Friday, June 8, 2007

Pilgrimage to Red Cloud

We started our day on Thursday at the Hastings Museum of Natural and Cultural History, a real gem of all aspects of Nebraska history. Of special interest to me was the Kool-Aid exhibit, showing its development in the area, to success, to sale to General Foods. I have fond memories of mountain hikes from Lake Kirkwood, as a youngster, when we always took along Kool-Aid for our lunch-time drinks, and used it to flavor stream and lake water. I am not sure we can drink from those same streams and lakes now.

We had lunch at the nearby O.K. Cafe, as recommended by museum personnel. It was clearly the most popular place in town, and a museum in its own right. Several model trains were running around the edges of the walls, up near the ceiling. The cafe was also full of old time dishes, kitchen implements, dolls, and you name it on display. I had chiles rellenos and Mother had a fried egg sandwich.

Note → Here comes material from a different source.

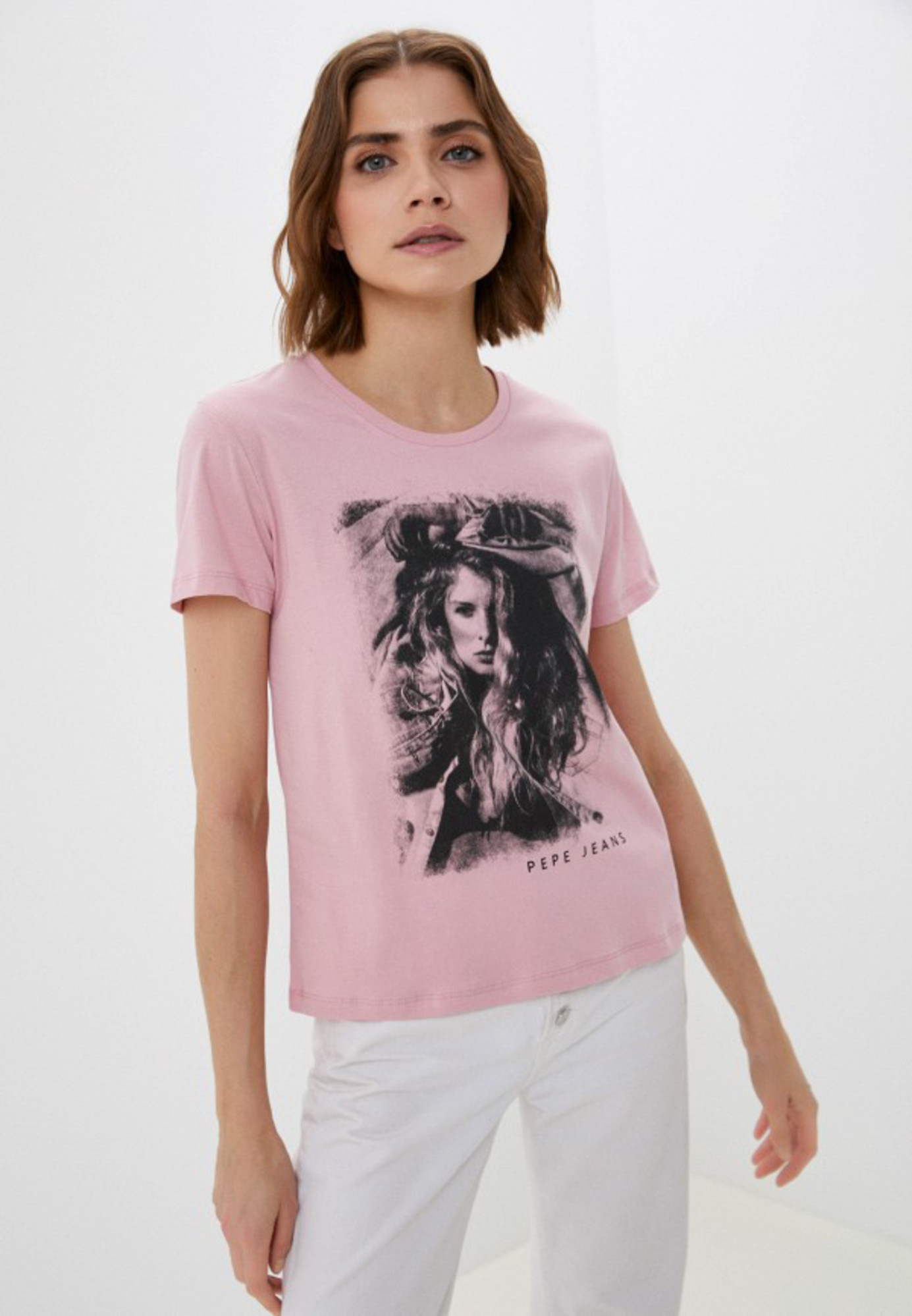 detail Pepe Jeans dámske ružové tričko LIANA s potlačou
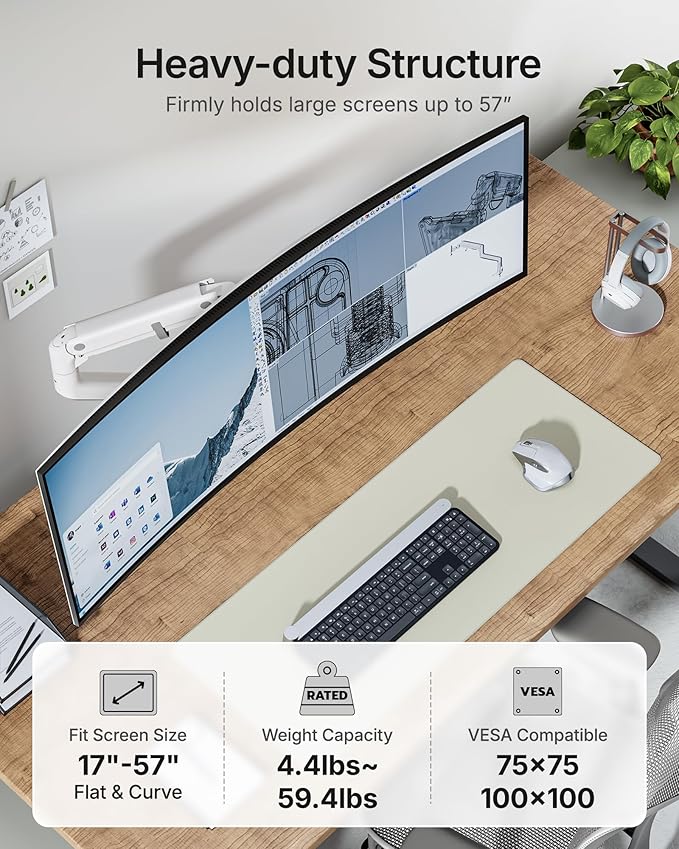 monTEK Single Monitor Arm with USB A/C, Ultrawide Monitor Stand for 17 to 57 Inch Curved Screen, Holds 59.4 lbs, Adjustable Gas Spring Arm, 75/100 VESA Mount, Clamp & Grommet Desk Mount, White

Off south to Red Cloud, where Willa Cather grew up, and which inspired many of the characters in her books. We took the "tour" of the Cather home at the time, the bank, which figures in one of her books, and the Opera House. Our guide was a good friend of Mildred Bennett, who wrote the biography I am reading, and who also roped our guide into working with the Willa Cather Historic Site starting way back in 1955 and has been at it ever since. I was glad to know I was reading the "good" biography. And we got lots of extra "inside" stories.

For the most part, the day's weather was much better than on Wednesday, since we were far south of I-80. Only a little wind in Hastings in the morning. But later, as we headed back up north to I-80, the winds really picked up, and we went through a few of those dark patchy areas where you can't see. This was the remnants in Nebraska of the "severe weather" that hit the midwest with tornadoes in Wisconsin and tied up air traffic in Chicago.

We managed to make our way to Kearney and squeaked into the Great Platte River Road Archway Monument before closing. This museum is really an archway all the way over I-80. As you walk through, you experience successive methods of making the journey along the Great Platte River Road, starting with the pioneer's wagon train. A buffalo stampede is quite realistic. At the end you have a window down to cars speeding by on I-80 right below. We spent the night in Kearney, with a good dinner at "Sydney's", which was the motel restaurant.